_AVAILABLE DATA_
+---+

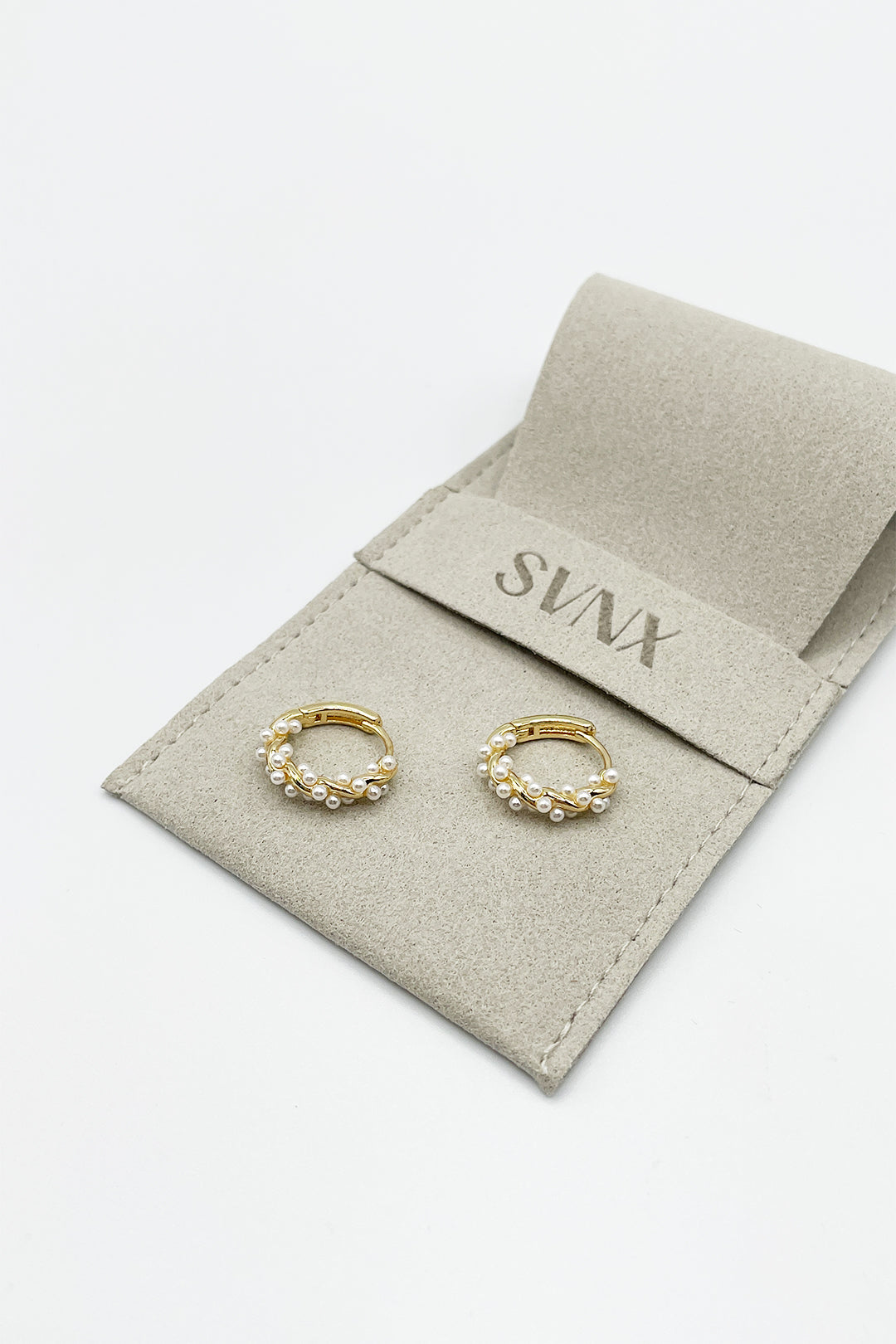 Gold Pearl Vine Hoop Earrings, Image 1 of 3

+---+

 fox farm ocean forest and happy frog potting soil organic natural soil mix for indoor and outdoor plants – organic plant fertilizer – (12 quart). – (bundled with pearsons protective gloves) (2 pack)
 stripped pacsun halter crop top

+---+

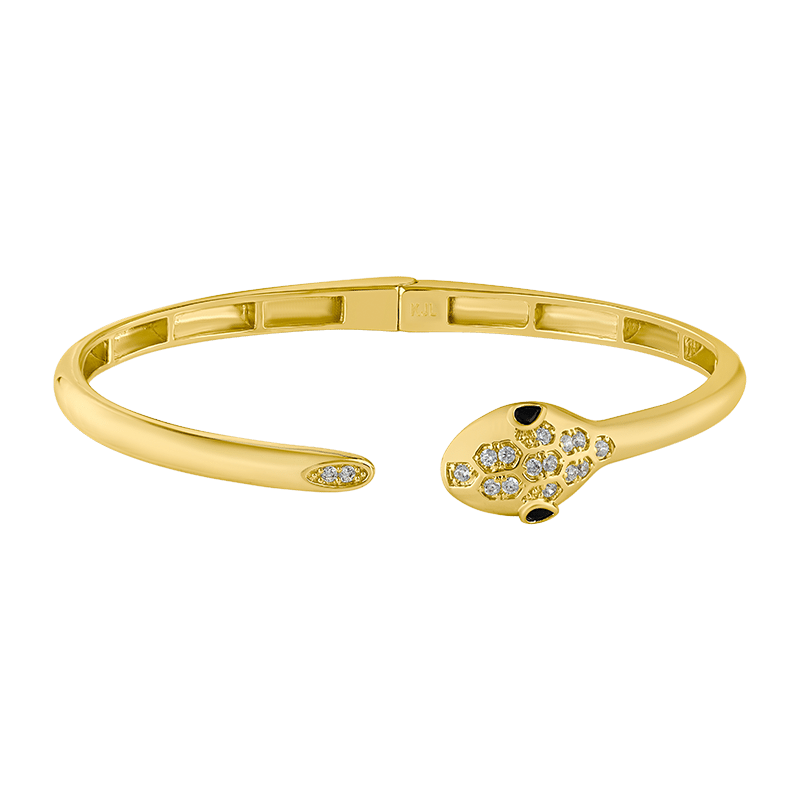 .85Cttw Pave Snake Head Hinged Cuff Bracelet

+---+

_DIRECTIONS FOR THIS TASK_
Working from the material above, retype exactly the lines from the one with "fox farm ocean" through the one with "stripped pacsun halter crop top", both included, and only those lines.

_ANSWER SECTION_
 fox farm ocean forest and happy frog potting soil organic natural soil mix for indoor and outdoor plants – organic plant fertilizer – (12 quart). – (bundled with pearsons protective gloves) (2 pack)
 stripped pacsun halter crop top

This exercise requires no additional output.